Information given
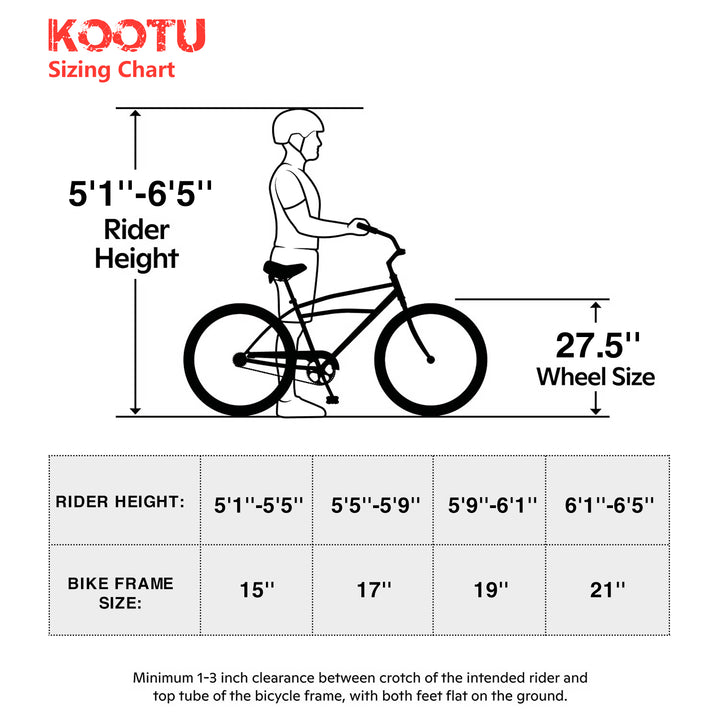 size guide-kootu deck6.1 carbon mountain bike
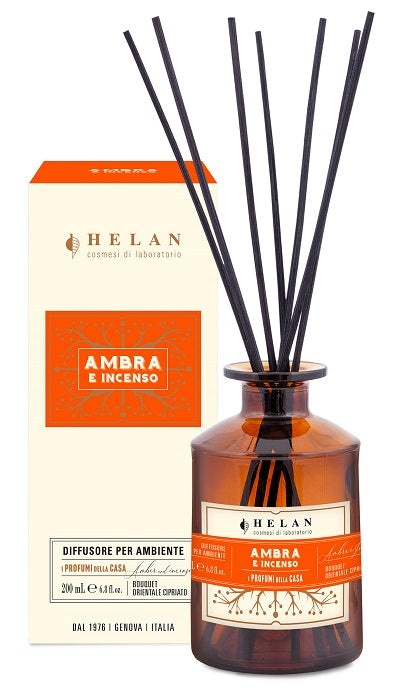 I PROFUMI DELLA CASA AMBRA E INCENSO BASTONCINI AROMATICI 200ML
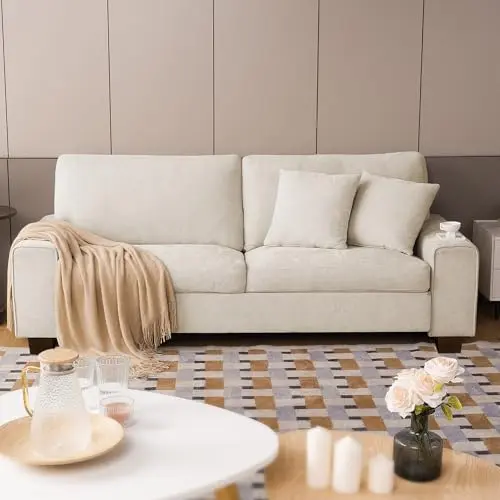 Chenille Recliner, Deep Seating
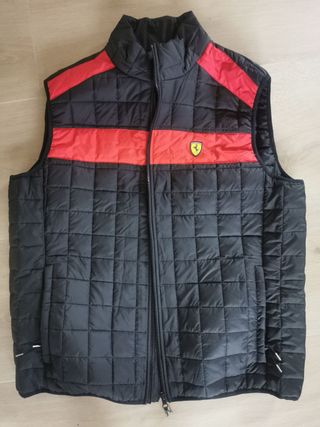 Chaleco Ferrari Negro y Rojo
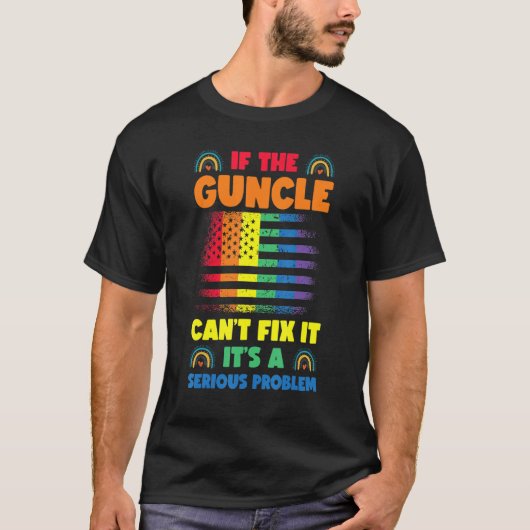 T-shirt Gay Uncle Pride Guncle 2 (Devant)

Aim of the exercise
Would you restate, word for word, the lines from the one holding "Chenille Recliner, Deep Seating" through the end of the material above? Omit the pictures.

Solution for this problem
 Chenille Recliner, Deep Seating
 Chaleco Ferrari Negro y Rojo
 T-shirt Gay Uncle Pride Guncle 2 (Devant)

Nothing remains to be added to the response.